The case of the missing ninth of a $2$€ coin

The best intuitive understanding I can offer comes from looking at some pictures.


Picture 1:

Graph of probabilities

For a number of coins $x=A+B$ (x-axis) and total $n=A+2B$ (y-axis), I plot the probability (colour, yellower means higher probability, violet means impossible) of getting the total $n$ given the number of coins $x=A+B$. The black dashed line is the line $A=B$.

The fact that, for a given number of coins, $A-B$ has average zero is seen by the fact that the distribution along vertical lines is perfectly symmetric about the black dashed line. I've drawn a vertical dotted blue line to guide the eye.

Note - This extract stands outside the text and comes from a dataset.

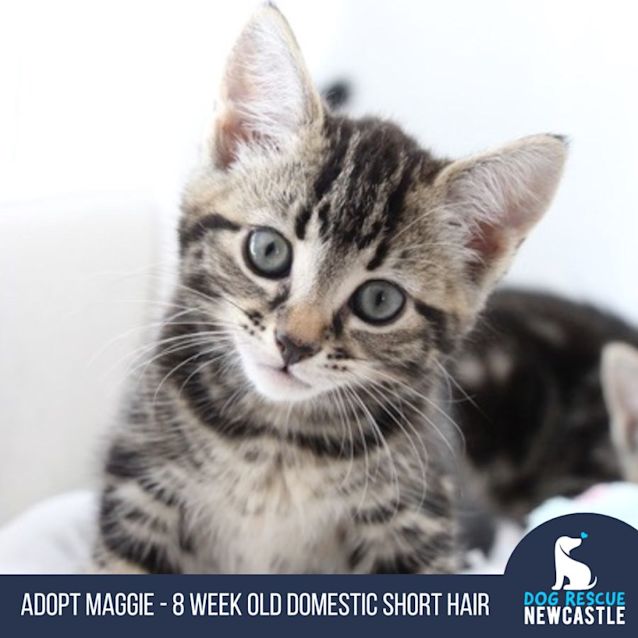 Photo of Maggie   8 Week Old Domestic Short Hair (Trial)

The fact that, for a given $n$, $A-B$ may have non-zero expectation is seen by the fact that this symmetry is absent along horizontal lines. (Again, there's a green dotted line to guide the eye.) The distribution is still peaked very close to or on the line $A=B$. But we might guess from the picture that the distribution is skewed a little right -- typically, we have slightly higher number of coin drawn than the naive $A=B$ line suggests, and hence more lower-value coins, as you observed.


Picture 2:

graph of probabilities

This is the same picture, except shifted by subtracting the average total of $x$ coins off the y-axis. Hence the y-axis $(B-A)/2$ is now proportional to the number of excess large denomination coins, and the black dotted line is horizontal.

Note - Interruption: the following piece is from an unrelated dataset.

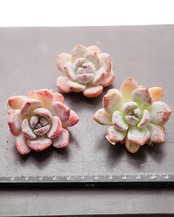 カット苗 ポトシナ Echeveria elegans 'Potosina'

This picture makes the symmetry more explicit, so is perhaps better.

You can also more easily imagine following a random walk to the right. The two questions now involve waiting until your random walk hits either the blue (fixed number of draws) or green (fixed total) line, and then looking at whether you expect to be above or below the black dotted line when that happens. Again, this isn't totally obvious, though it is suggestive that you expect to hit it below, as you have shown.


I like these pictures because they convey pictorially the independence of the two quantities you are calculating -- the constraint that the marginal distribution has a nice property along every vertical line says very little in general about its properties along other lines.

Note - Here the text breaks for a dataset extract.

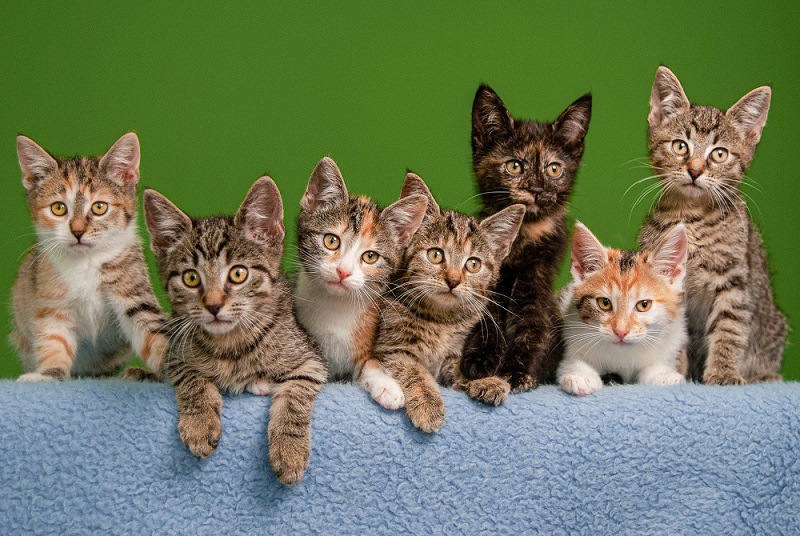 Dier adopteren DOA - katten adoptie formulier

I am not sure how rigorous my math is, but here is an argument for:

Claim: Let $F_n$ denote the event of reaching $n$. If $\lim_{n \to \infty} E[A-B \mid F_n] = \ell$ exists, then $\ell = 1/3$.

The proof is a mixture of steady state arguments and martingales.

Suppose while you are drawing coins, happily approaching $n$, I am betting on the coins you draw. To minimize confusion, I am betting in US dollars. Every time you draw, I bet $1$ USD, at even odds, that you would draw a $1$€ coin. At any point in time my profit is exactly $P=A-B$ USD.

Here is the stopping rule: my game ends when you get to $n$ or beyond (i.e. $n+1$). The stopping time is bounded, so Doob's theorem applies and we have $E[P] = 0$ when my game stops.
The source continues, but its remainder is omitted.